◆ **Work item**
Make an exact copy of the lines from the one holding "Flat Antarctica Independence" through the end of the entries below, both ends kept, and of nothing else. Exclude pictures.

────────────────────────────────────────

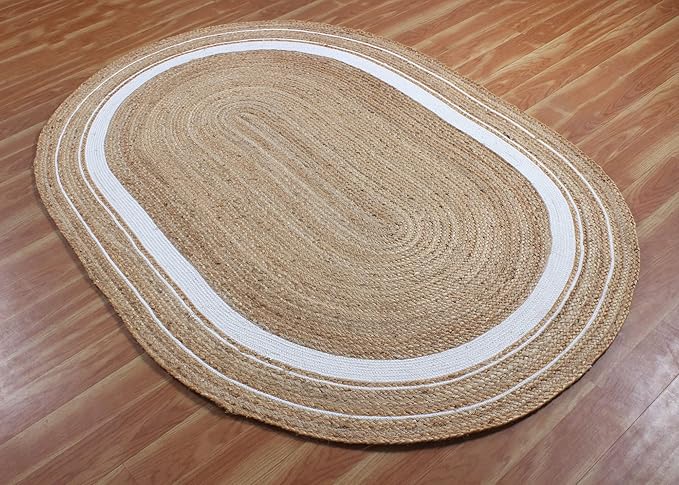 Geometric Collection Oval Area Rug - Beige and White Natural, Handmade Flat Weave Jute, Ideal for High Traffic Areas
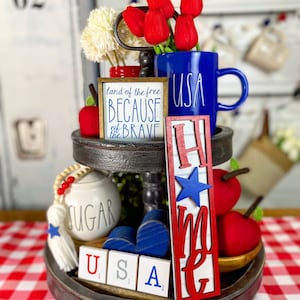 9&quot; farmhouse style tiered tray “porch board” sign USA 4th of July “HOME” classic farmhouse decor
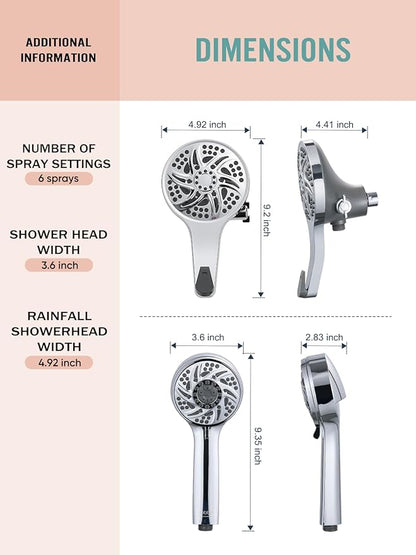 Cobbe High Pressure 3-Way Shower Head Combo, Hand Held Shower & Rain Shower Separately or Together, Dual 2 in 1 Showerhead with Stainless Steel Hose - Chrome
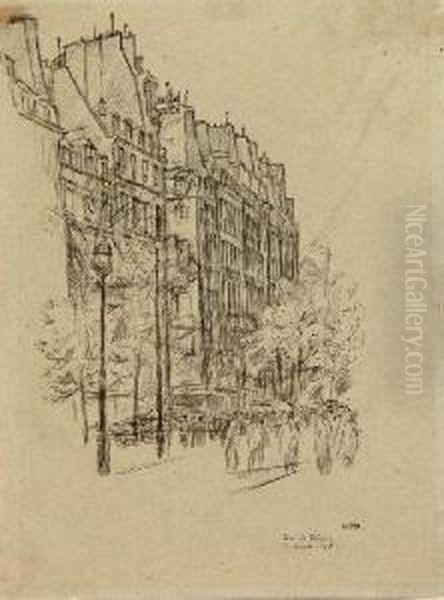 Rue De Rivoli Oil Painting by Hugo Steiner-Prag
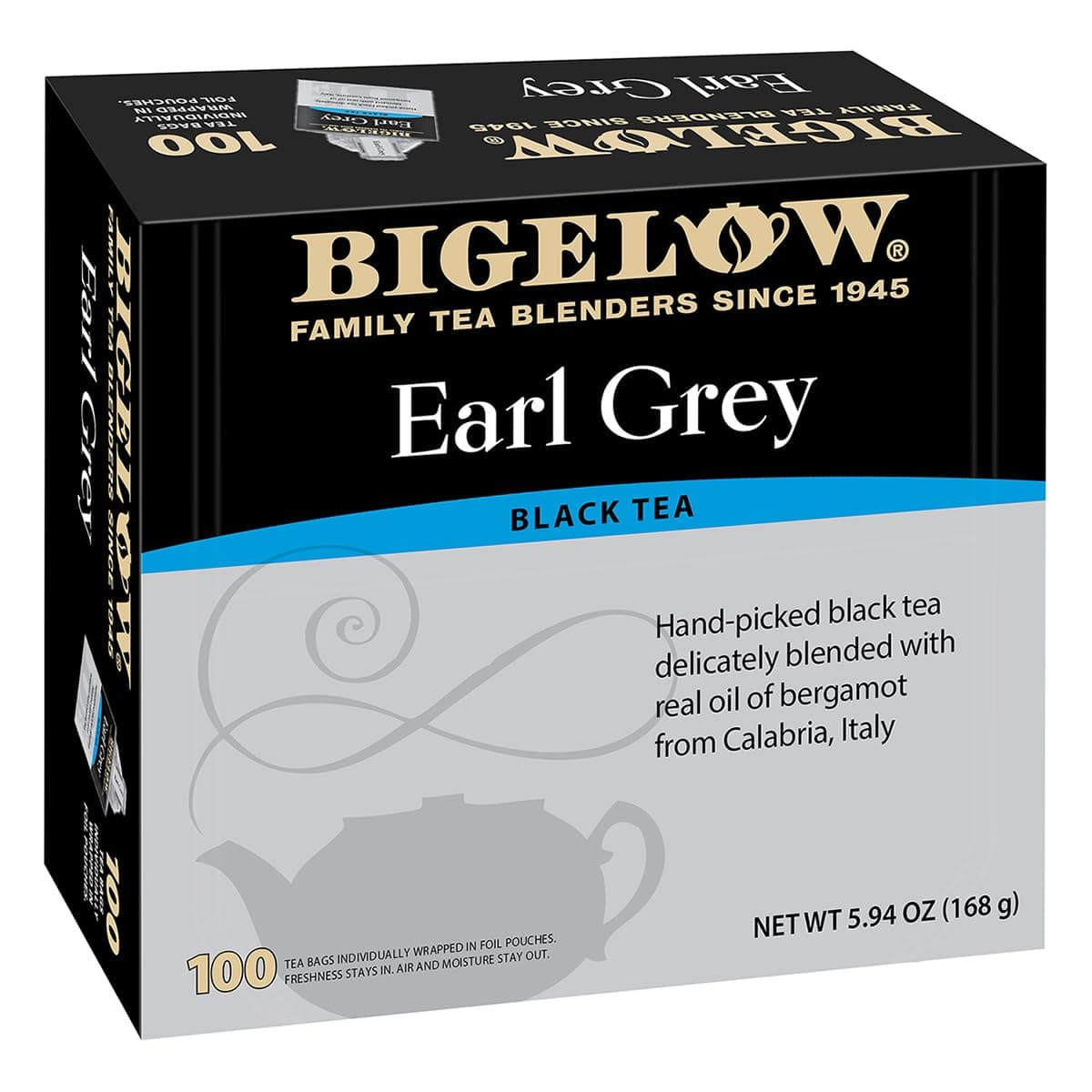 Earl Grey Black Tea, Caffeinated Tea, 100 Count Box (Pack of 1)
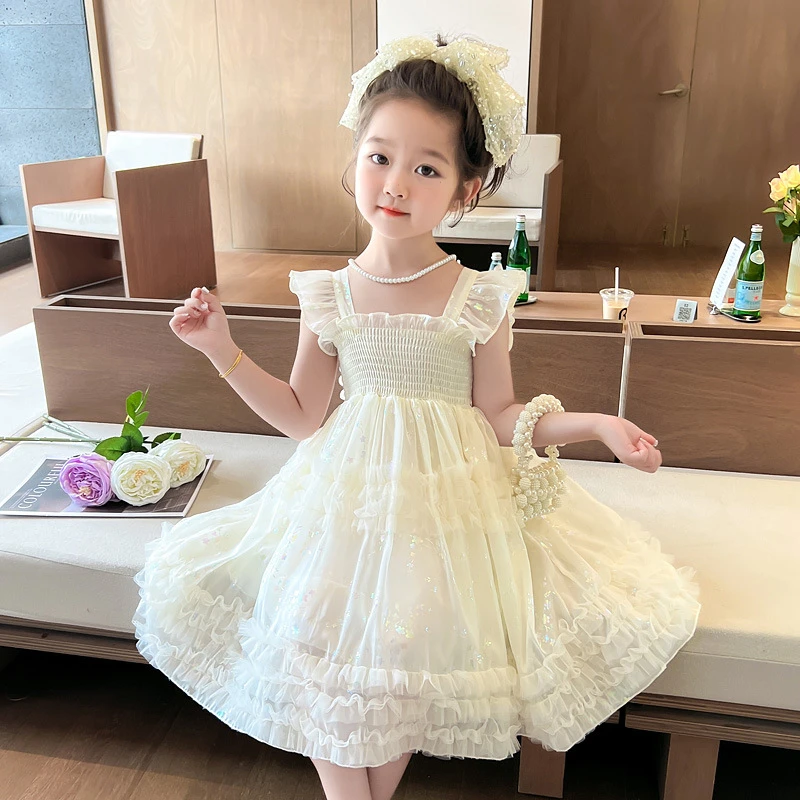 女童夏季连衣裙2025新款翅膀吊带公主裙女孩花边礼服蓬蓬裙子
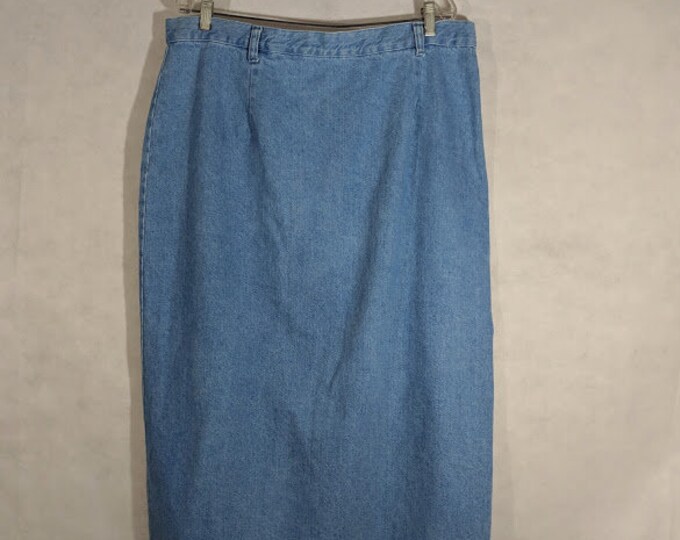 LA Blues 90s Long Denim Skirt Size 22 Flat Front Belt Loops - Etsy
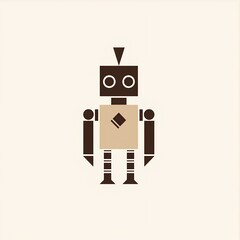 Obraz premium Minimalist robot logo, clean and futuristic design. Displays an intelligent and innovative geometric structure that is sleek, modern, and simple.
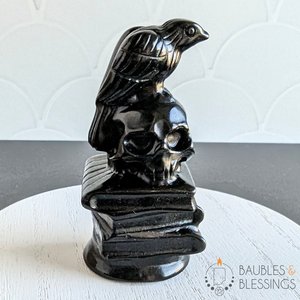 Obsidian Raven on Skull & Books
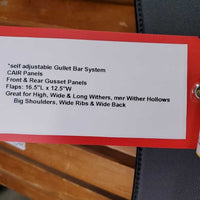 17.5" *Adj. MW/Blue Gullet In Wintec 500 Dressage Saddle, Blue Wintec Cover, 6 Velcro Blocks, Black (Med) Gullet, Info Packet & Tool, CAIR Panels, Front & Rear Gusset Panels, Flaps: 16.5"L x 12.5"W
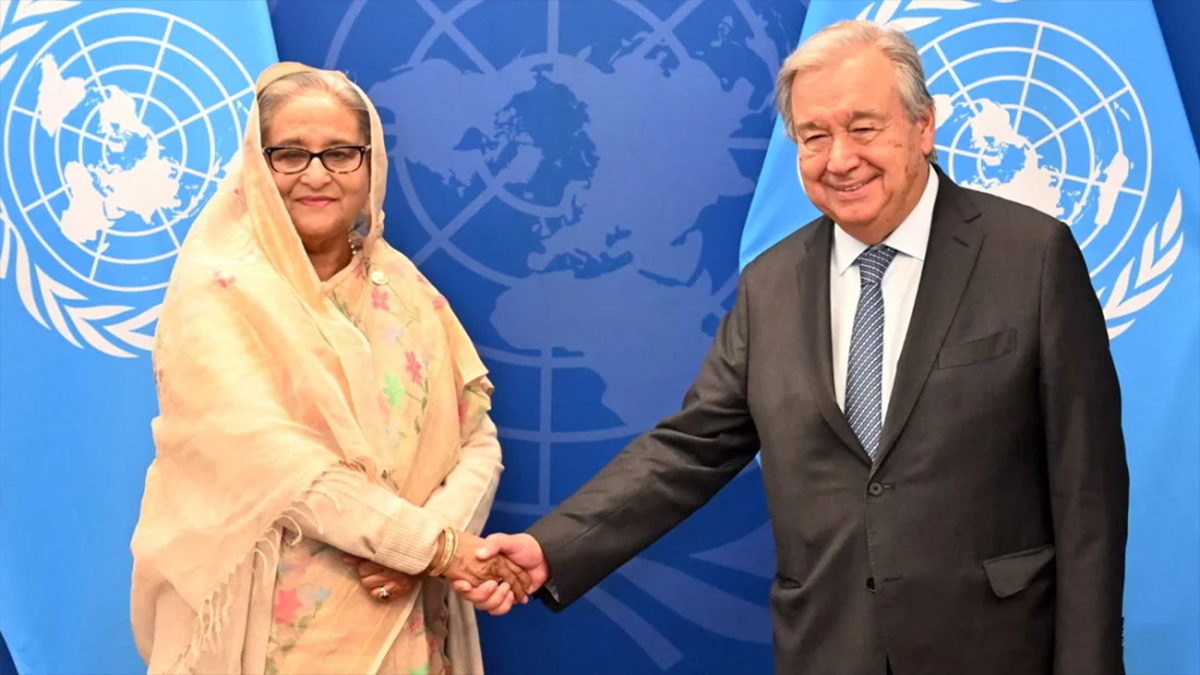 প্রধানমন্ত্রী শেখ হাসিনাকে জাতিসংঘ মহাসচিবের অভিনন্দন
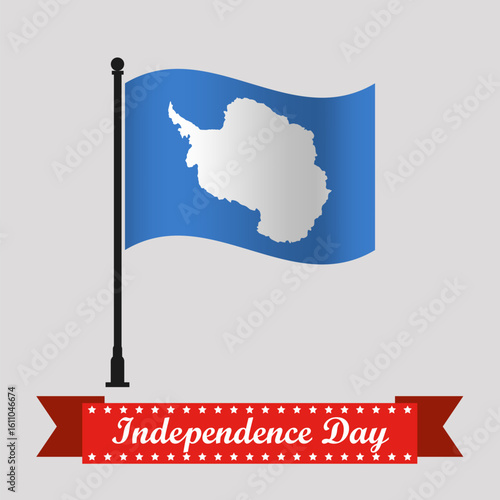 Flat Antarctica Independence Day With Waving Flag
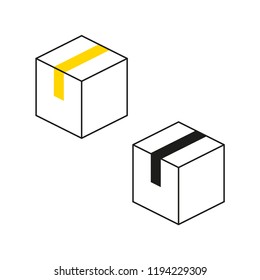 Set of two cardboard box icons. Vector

────────────────────────────────────────

◆ **Solution below**
 Flat Antarctica Independence Day With Waving Flag
 Set of two cardboard box icons. Vector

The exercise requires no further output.